▶ **What you have to do**
Line by line, retype the material exactly and leave each picture out.

[Given information]

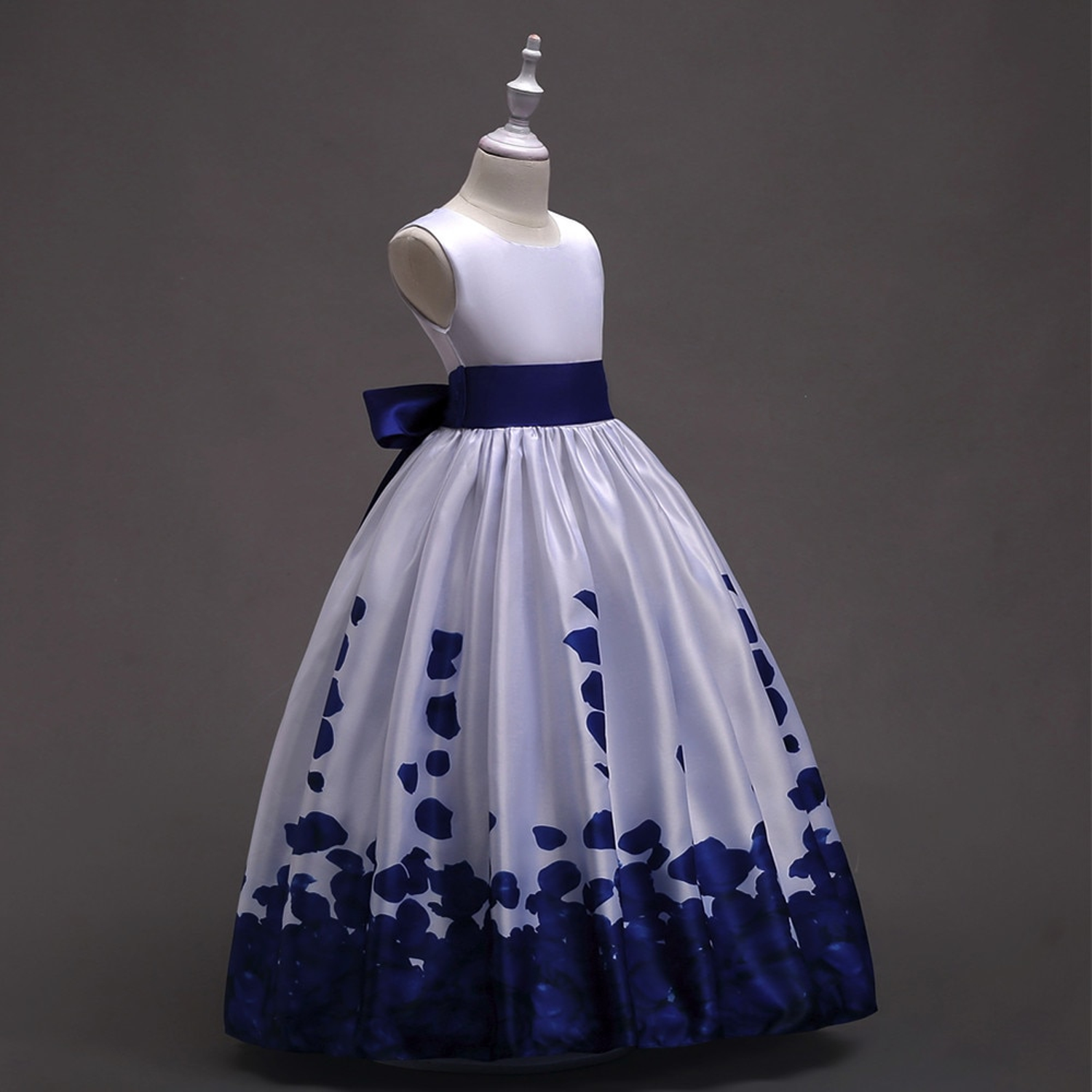 White and Blue Flower Girl Dress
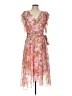 DKNY 100% Polyester Floral Tropical Orange Pink Cocktail Dress Size 12 - photo 1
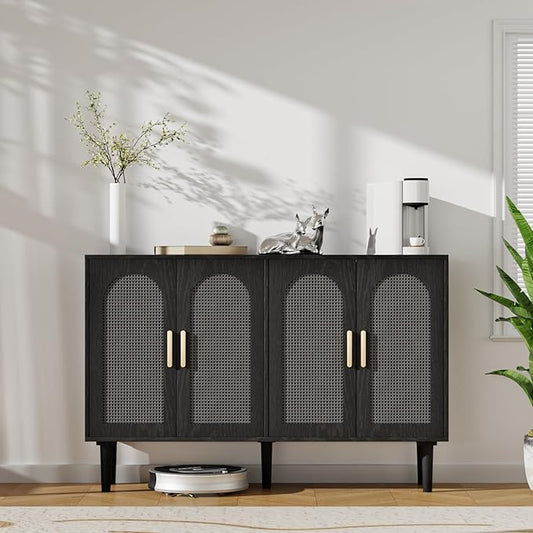FONTOI Sideboard Cabinet with Rattan Doors, 4 Door Credenza Buffet Cabinet with Storage, Modern Large Kitchen Accent Cabinets for Entryway Living Room & Dining Room, Black Grey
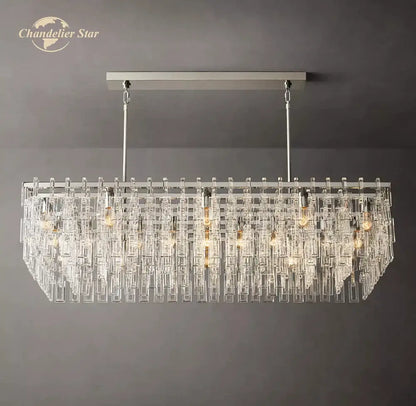 A modern decorbites black marignan rectangular chandelier with silver frame clear crystal prisms and warm exposed bulbs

[/Given information]

▶ **Expected answer**
 White and Blue Flower Girl Dress
 DKNY 100% Polyester Floral Tropical Orange Pink Cocktail Dress Size 12 - photo 1
FONTOI Sideboard Cabinet with Rattan Doors, 4 Door Credenza Buffet Cabinet with Storage, Modern Large Kitchen Accent Cabinets for Entryway Living Room & Dining Room, Black Grey
 A modern decorbites black marignan rectangular chandelier with silver frame clear crystal prisms and warm exposed bulbs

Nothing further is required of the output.